2) Arkansas waterfalls aren’t so easy to find. I’m trying to think of another area that I have had such difficulty in finding waterfalls. With the book on Arkansas waterfalls, I was able to find some more popular ones…but most of the waterfalls in the state seem to be found only after bushwhacking. Now I had horrible success with the EASY bushwhacking. With EASY bushwhacking, I was still mainly left completely confused, standing in thickets of wild roses, for the first time (that I could remember) hoping that I could actually find my way back to the car (and that’s with a GPS in hand). I can’t even IMAGINE medium or difficult bushwhacking, which eliminated a number of very cool-looking waterfalls.
Even finding Dewey Canyon Falls proved to be more difficult than I imagined. After following the directions, I spent a while trying to identify where the heck I was even supposed to go. GPS helped me identify the best place to park, and then I just hoped that was the right place! Luckily, I was going to see at least 1 or 2 waterfalls that day, after searching for four others without any success.

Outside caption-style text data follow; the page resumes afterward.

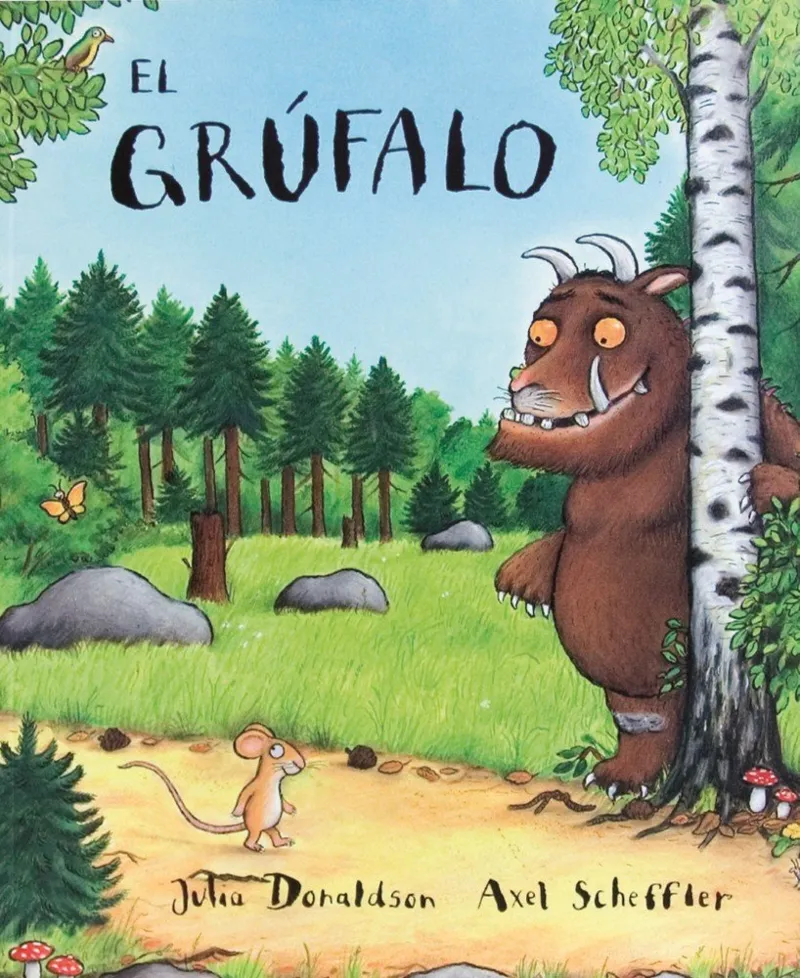GRUFALO,EL -ALBUM-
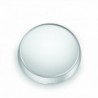 Luminária de Teto LED Philips IP44 Waterily Cromado 8W 800lm Branco Quente - PH-8718696152065 - 8445152008047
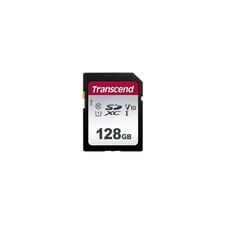 Transcend Japan SD Card 128GB UHS-I U1 V10 Class 10 TS128GSDC300S-E2 NEW picture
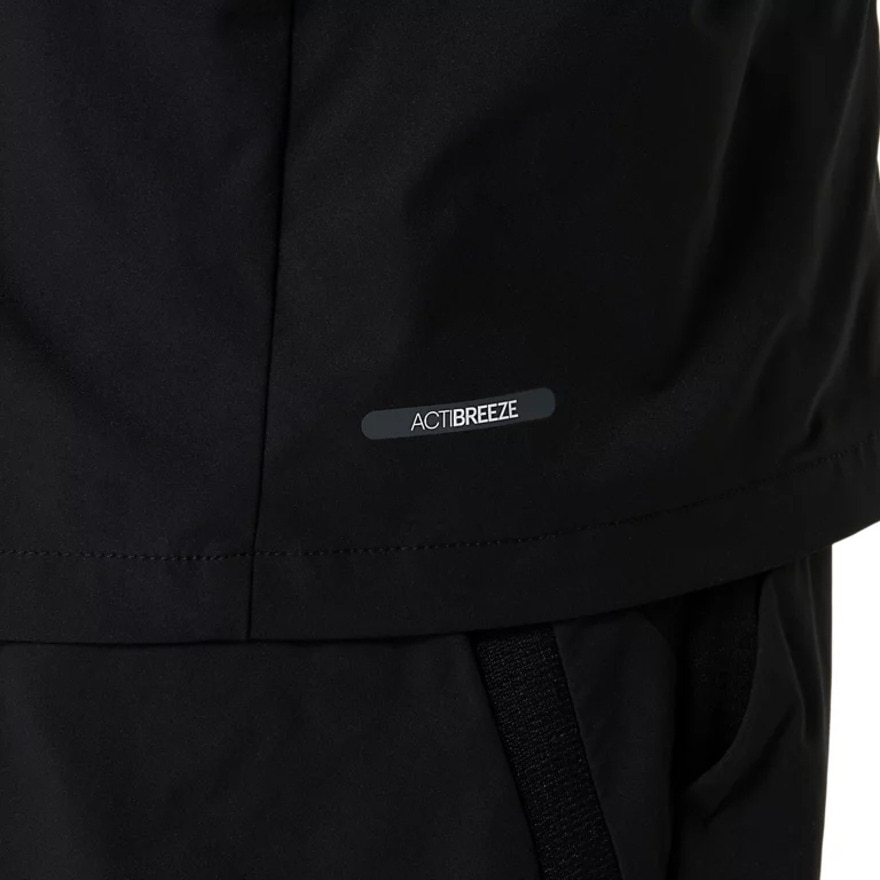 アシックス（ASICS）（メンズ）ACTIBREEZEウーブンジャケット 2031E675.001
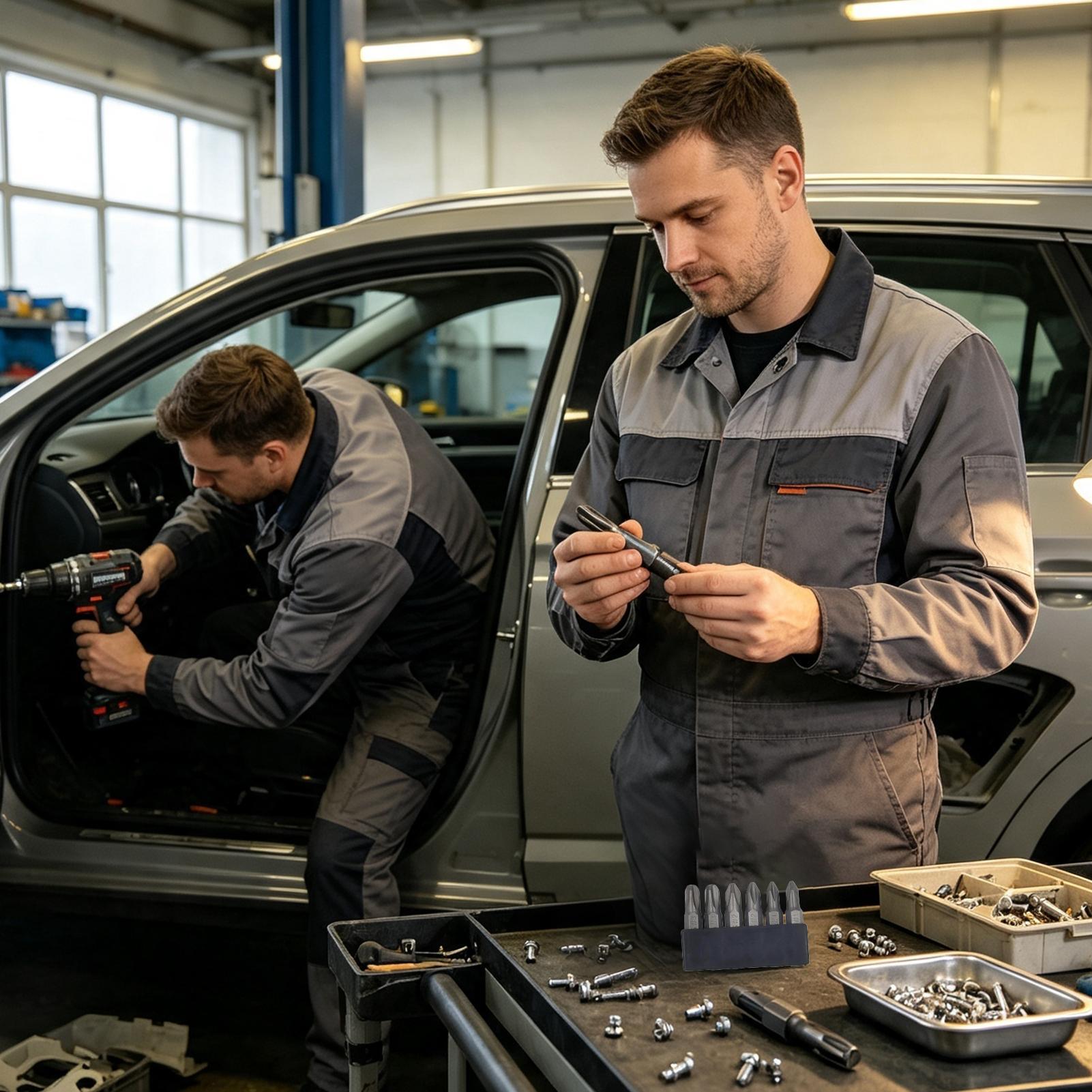 Bity do wkrętarki z trzpieniem – Plumbing recenzja i cena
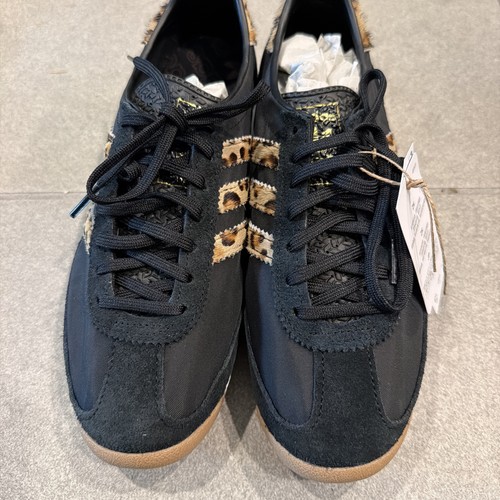 Adidas black brown - sl,
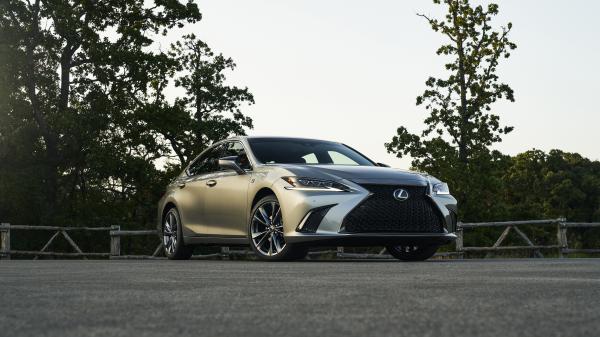 Free 2021 lexus es 250 awd f sport 4k hd cars wallpaper download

There are major bluffs in Arkansas, which present a challenge, but luckily there is a way to get an OK view of Dewey Canyon Falls, and it’s nearby neighbor Bumpers Falls. It really depends on finding the trail that leads to the falls, though this was the one case where bushwhacking wasn’t too bad. Once I got there, though, the small amount of water made it more difficult to photograph. Oh well…
1) I started out in Big Flat.
2) From Big Flat, I headed east on AR-7 to the junction with AR-341.
3) At the junction of the two roads above, turn left on AR-341. You’ll be heading north, which is the only way you can really head.
4) Go for almost 9 miles (just a little bit under) on AR-341. This is where it gets a little bit tricky. You’re looking for the “first” time you see guard rails on both sides of the road, at least in a considerable distance. Before that, there may be guard rails on one side or the other, but this is the first time I recognized both around the 9 mile mark. If you’re headed north, you’ll actually have an easier time parking on the left side of the road (which means it might be easier to turn around at that point).
5) Once you’re parked on the left side of the road right near the guard rail, head to the north (what I would consider the right end of the guard rail). If you go past the end of the guard rail for about 100 feet or so, you should notice a faint trail that leads into the woods. If you follow this trail, it actually leads you directly to the stream and the almost 90′ plunge that Dewey Canyon Falls takes. Explore to get better views of the falls! Have fun! Be careful!